The Xilinx OpenCV library is now supported by V4L2 FPGA and FPGA ISP projects. Thanks to the adapters from the V4L2 FPGA project, it’s now possible to extend the functionality of your accelerators. The supported Xilinx OpenCV libraries are:
Xilinx OpenCV 2018.2
Xilinx OpenCV 2018.3
For the list of compatible functions, please visit our developer wiki List of Xilinx OpenCV functions compatible with V4L2_FPGA
Similarly to the FPGA ISP development flow, it’s possible to get the same advantages of data flow processing and pipelining by using Xilinx OpenCV, since they are both built for Vivado HLS.

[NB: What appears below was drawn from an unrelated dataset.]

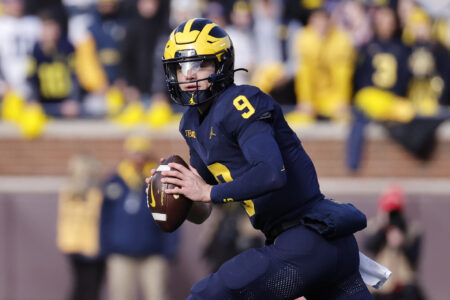 Nov 25, 2023; Ann Arbor, Michigan, USA; Michigan Wolverines quarterback J.J. McCarthy (9) rolls out to pass in the first half against the Ohio State Buckeyes at Michigan Stadium.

Describing a custom accelerator
The example accelerator is composed by the following modules:
Figure 1 - Example of a custom accelerator
The image representation in V4L2 FPGA is different from the Xilinx OpenCV Mat representation, since the data stream in V4L2 FPGA is fixed to 64-bits. To connect the streams to the Xilinx OpenCV module, a data type conversion is required. The V4L2 FPGA also facilitates a couple of interface functions to carry out this job:
utils::stream::rraxi2xfMat(stream_in, xfmat_out, width, height): to transform from the stream to the Xilinx OpenCV Mat.
utils::stream::xfMat2rraxi(xfmat_in, stream_out, width, height): to transform from the Xilinx OpenCV Mat to stream.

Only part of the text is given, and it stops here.